Jangan Kehendakku, Bapa
Tab primer
Oleh: N. Risanti
"Jika jiwaku berdoa kepadaMu, Tuhanku,
ajar aku t'rima saja pemberian tangan-Mu
dan mengaku, s'perti Yesus di depan sengsara-Nya:
Jangan kehendakku, Bapa, kehendak-Mu jadilah."
Saya selalu terkesan dengan syair dalam lagu Kidung Jemaat 460 di atas, yang mengandung satu ajaran yang sangat indah tentang doa. Dalam pergumulan dan kengerian-Nya menghadapi penderitaan salib yang berat, Yesus dengan rendah hati menyerahkan diri kepada kehendak Bapa-Nya di surga. "Ya Bapa-Ku, jikalau sekiranya mungkin, biarlah cawan ini lalu dari pada-Ku, tetapi janganlah seperti yang Kukehendaki, melainkan seperti yang Engkau kehendaki." (Matius 26:39) Tidak mudah untuk mengatakan hal tersebut ketika Yesus mengetahui kengerian macam apa yang akan dihadapi-Nya. Ia memang Anak Allah yang berkuasa, tetapi Ia juga manusia yang dapat merasakan sakit dan penderitaan. Dan, jalan salib adalah kutuk berat yang tidak seharusnya dan sepantasnya Ia terima. Tetapi, toh Yesus taat pada kehendak Bapa ketika cawan itu harus diterima-Nya. Dan, kita pun beroleh anugerah keselamatan lewat pengorbanan-Nya di kayu salib.

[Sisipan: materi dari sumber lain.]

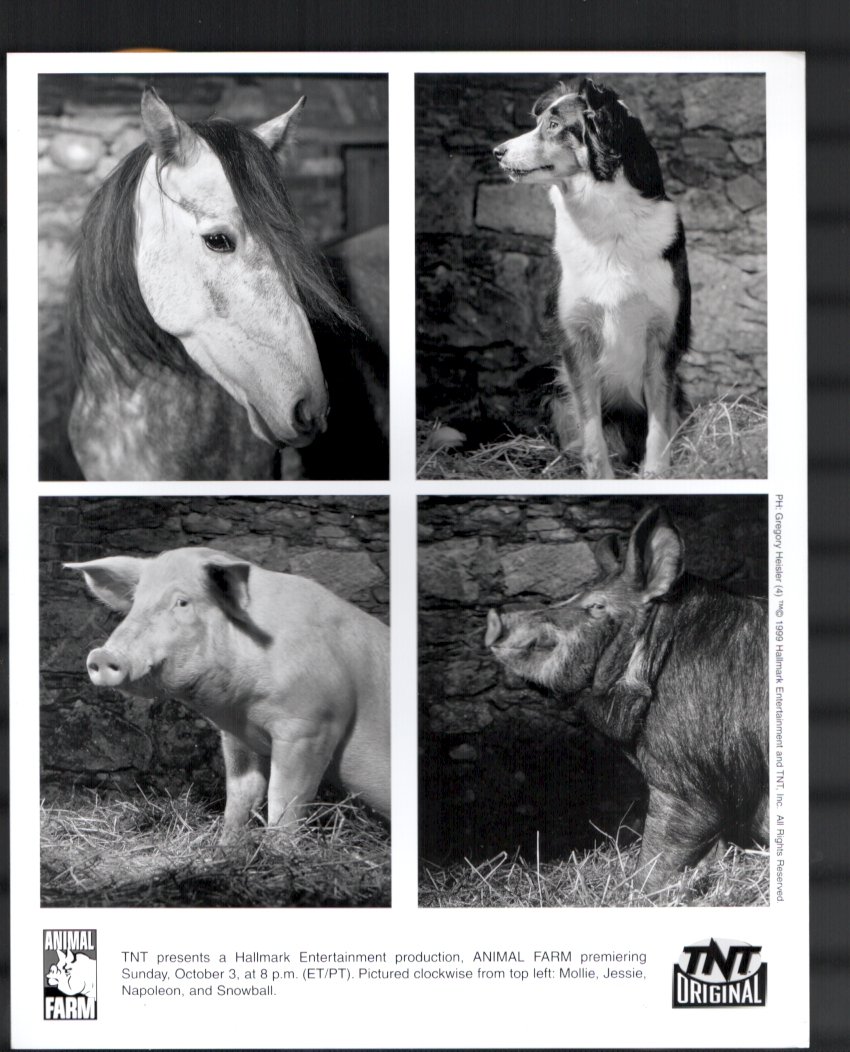 Animal Farm 8x10 B&W Movie Still-Kelsey Grammer-Ian Holm-Julia  Louis-Dreyfus: (1999) Photograph | DTA Collectibles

Doa Tuhan Yesus di taman Getsemani sesungguhnya mengungkapkan inti ajaran-Nya tentang sikap doa. Berdoa adalah satu sikap untuk merendahkan diri, menundukkan hati, dan menyerahkan hasil keputusan di bawah kedaulatan Tuhan. Tanpa ketiganya, doa akan kehilangan makna dan identitasnya yang sejati, yaitu terjadinya kedaulatan Allah. "Bukan kehendak-Ku, tetapi kehendak-Mu" juga akan menjadi satu pernyataan iman, yang menunjukkan bahwa kita percaya kehendak Allah adalah yang terbaik, yang akan membuahkan sesuatu yang baik dalam kehidupan kita. Itulah iman. Itulah doa yang sejati. Lalu, siapkah kita untuk selalu tulus berkata, "Bukan kehendakku, Bapa," di dalam doa-doa kita untuk tunduk dan percaya akan kuasa Allah yang besar? Mari, kita belajar dari Tuhan Yesus!